O processo de evolução tecnológica, aliado à democratização do acesso às tecnologias informacionais, tornou-se berço esplêndido para a veiculação de discursos antidemocráticos e a disseminação das chamadas fake news, sobretudo nos períodos antecedentes às eleições.
Embora a Internet tenha democratizado o exercício da liberdade de expressão e, com isso, facilitado a propagação de movimentos contrários a regimes totalitários, a exemplo do ocorrido durante a Primavera Árabe, possibilitado a participação política de grupos marginalizados socioeconomicamente e aperfeiçoado as relações econômicas diante do processo de globalização, de igual forma, sua popularização também facilitou sua utilização criminosa a pretexto do exercício da liberdade de expressão.
É evidente, portanto, a constante tensão que permeia o ambiente virtual. Inseridos num contexto de anonimato, confrontam-se o direito fundamental de liberdade de expressão e a necessidade de resguardo de princípios e valores democráticos, cujos reflexos incidem frontalmente sobre o processo eleitoral brasileiro, corolário do Estado de Direito, mesmo em momento anterior ao do lançamento das candidaturas.
No entanto, a despeito disso, fato é que a fiscalização e a responsabilização por tais condutas não tem sido eficiente e capaz de conter sua disseminação nos servidores virtuais.

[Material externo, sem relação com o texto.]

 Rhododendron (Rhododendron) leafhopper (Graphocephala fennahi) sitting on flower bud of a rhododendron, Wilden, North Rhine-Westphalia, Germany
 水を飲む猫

A bem da verdade, referida tensão encontra-se pacificada há décadas, tendo em vista que a doutrina é uníssona em reconhecer a relatividade dos direitos fundamentais, nem sempre são absolutos, sobretudo quando se está diante de princípios basilares do Estado Democrático de Direito e da própria ordem e estrutura políticas fundadas pela Constituição Federal de 1988.

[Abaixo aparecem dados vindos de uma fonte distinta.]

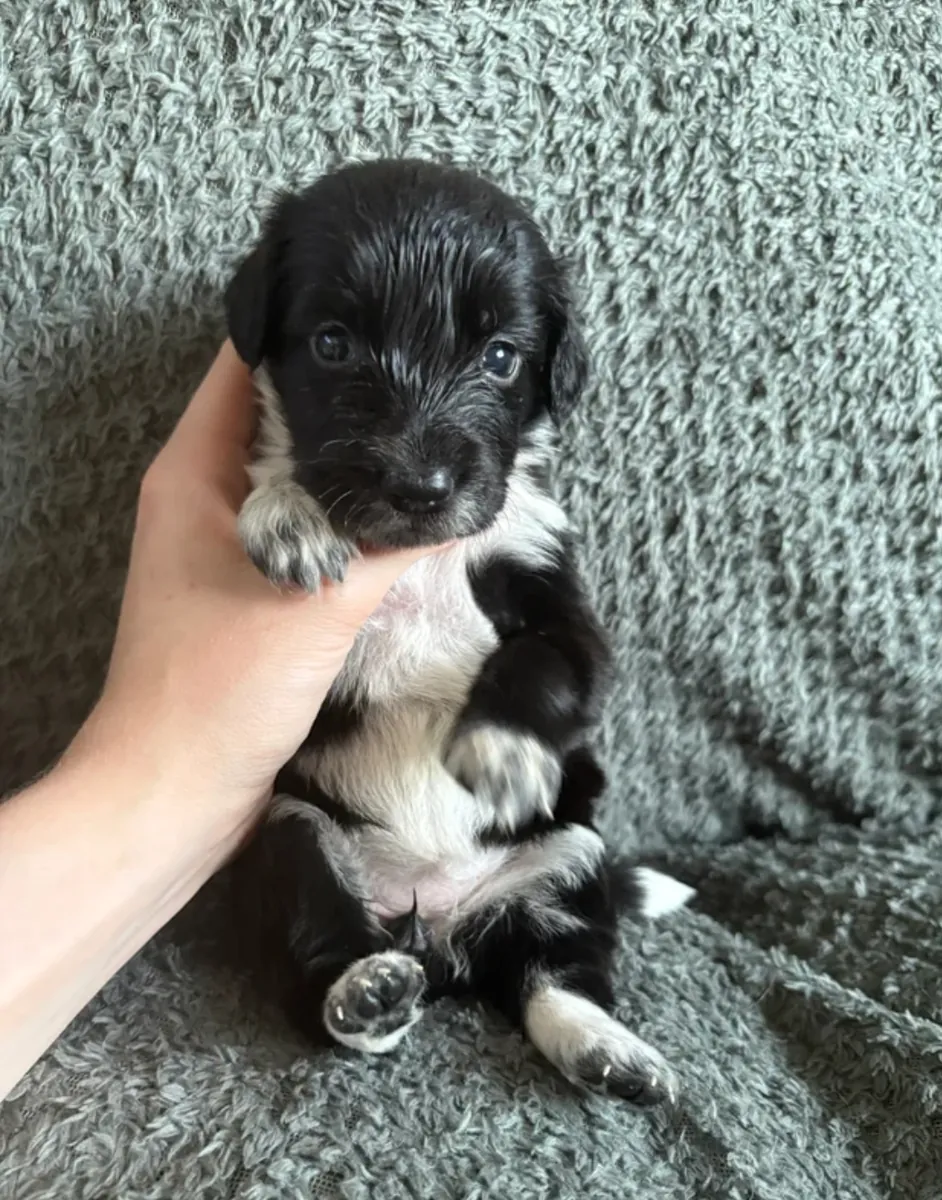 Cocker Spaniel et Border Collie : race hybride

Nesse sentido, Konrad Hesse1, brilhante jurista alemão do século passado, é sintético em afirmar que “a limitação dos direitos fundamentais deve, por conseguinte, ser adequada a produzir a proteção do bem jurídico, por cujo motivo ela é tutelada”1, entendimento que encontrou guarida pelo STF2, e que deve ser aplicada à necessidade de preservação das instituições e do processo eleitoral democráticos.
A consolidação da Internet na contemporaneidade, em última instância, desafia as próprias bases sobre as quais se assentou o Direito Eleitoral, tendo em vista que passou a ser diretamente confrontado pela possibilidade de cometimento de ilícitos eleitorais em localidades desconhecidas e pela utilização de perfis anônimos, mas que produzem efeitos muito mais nocivos do que as tradicionais formas de disseminação de ideias políticos no curso do período antecedente às eleições.
Diante da difusão dos meios de comunicação, as formas de interação entre os candidatos e seus eleitores tornou-se mais presente e, no mesmo sentido, também surgiram novas possibilidades de aliciamento e de bombardeamento de informações falsas e enviesadas para públicos-alvo passíveis de serem convencidos, sobretudo quando a tentativa é feita mediante o método de disseminação de fake news.
Neste ano de 2024, serão realizadas ao redor de todo o país as eleições para prefeitos e vereadores. Os dias que antecedem as eleições, para grande parte da população brasileira, representam a quase totalidade dos esforços empregados por candidatos e seus apoiadores.
Contudo, é necessário observar que, para a Justiça Eleitoral, os meses que antecedem a eleição são objeto de estudo e de estratégias prévias ao próprio período de campanha eleitoral, tendo em vista que busca-se antever práticas ilícitas e negativas à lisura do sistema.
- Confira aqui a íntegra do artigo.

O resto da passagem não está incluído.